◆ SUPPLIED INFORMATION ◆
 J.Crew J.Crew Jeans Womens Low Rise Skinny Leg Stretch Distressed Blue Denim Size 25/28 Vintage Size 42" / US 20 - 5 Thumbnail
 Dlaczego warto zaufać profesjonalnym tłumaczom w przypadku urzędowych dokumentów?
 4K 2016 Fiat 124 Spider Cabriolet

* * *

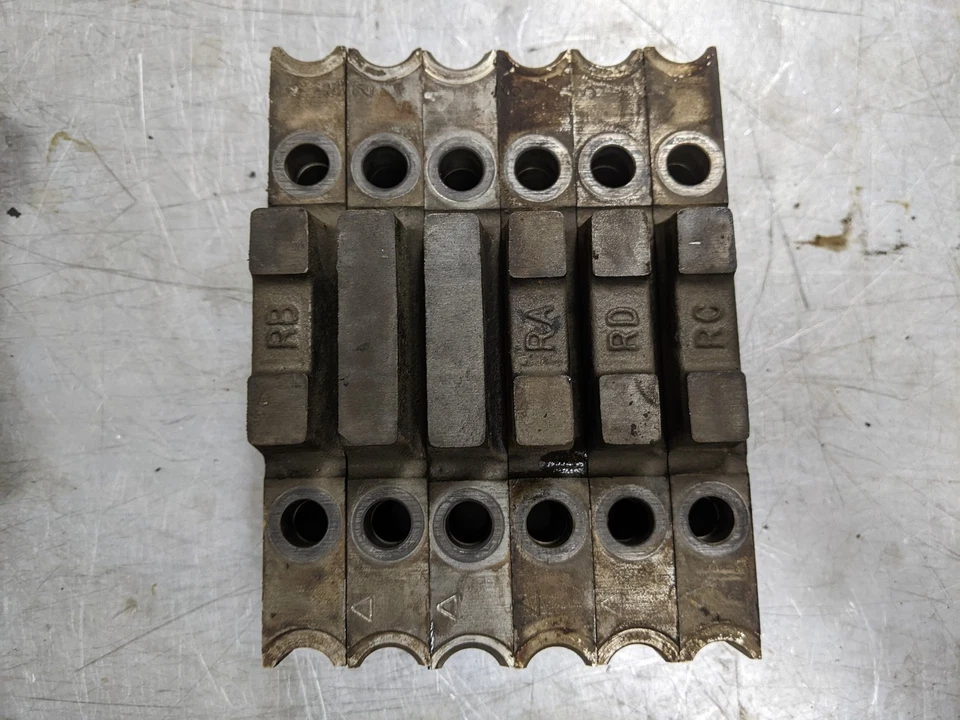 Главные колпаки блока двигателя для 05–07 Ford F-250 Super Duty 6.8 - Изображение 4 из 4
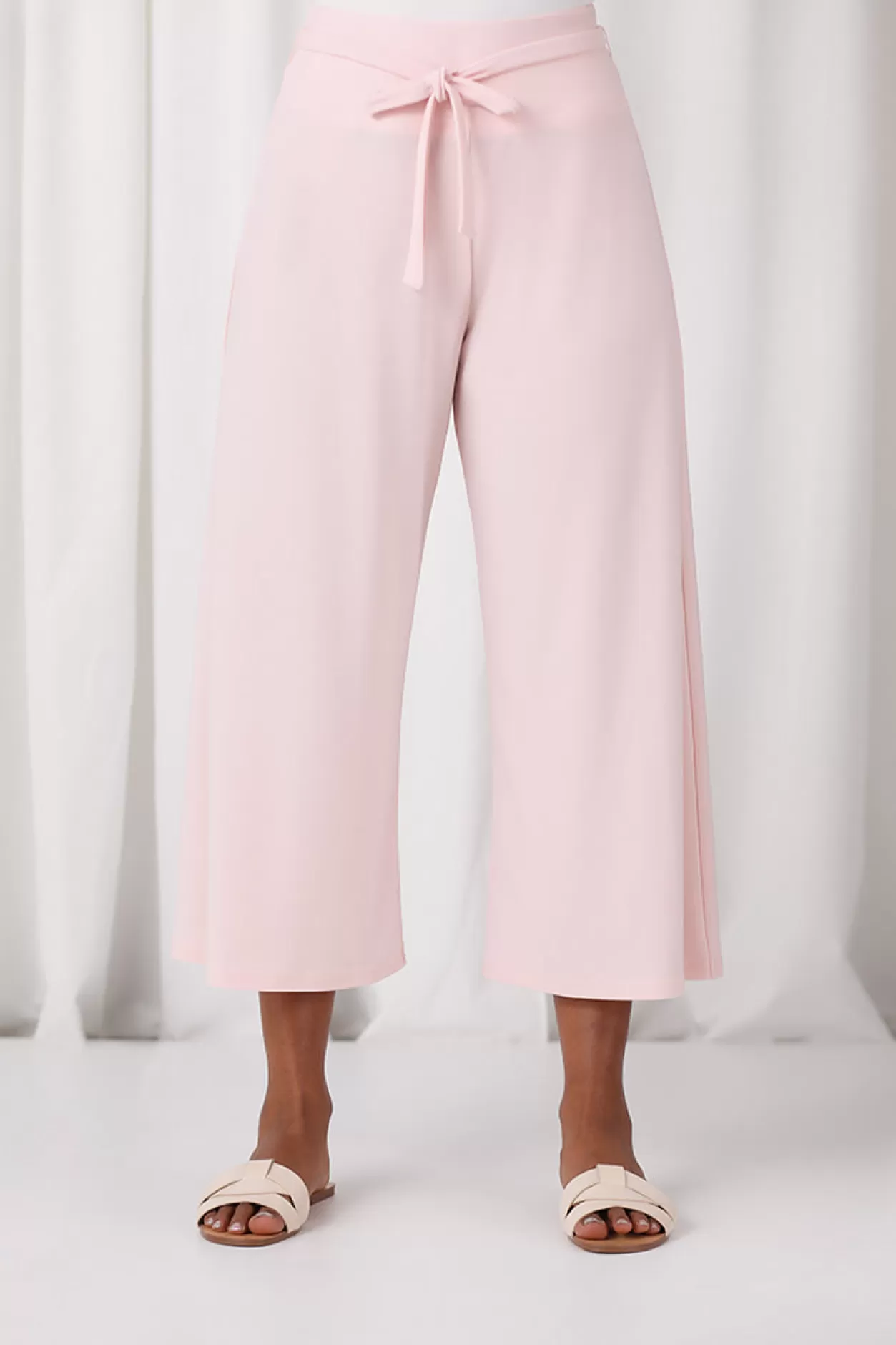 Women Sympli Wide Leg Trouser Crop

◆ TO DO ◆
Look back at the entries above. Retype the line with "J.Crew J.Crew Jeans", the line with "4K 2016 Fiat 124 Spider Cabriolet", and all lines in between.

◆ COMPLETED EXERCISE ◆
 J.Crew J.Crew Jeans Womens Low Rise Skinny Leg Stretch Distressed Blue Denim Size 25/28 Vintage Size 42" / US 20 - 5 Thumbnail
 Dlaczego warto zaufać profesjonalnym tłumaczom w przypadku urzędowych dokumentów?
 4K 2016 Fiat 124 Spider Cabriolet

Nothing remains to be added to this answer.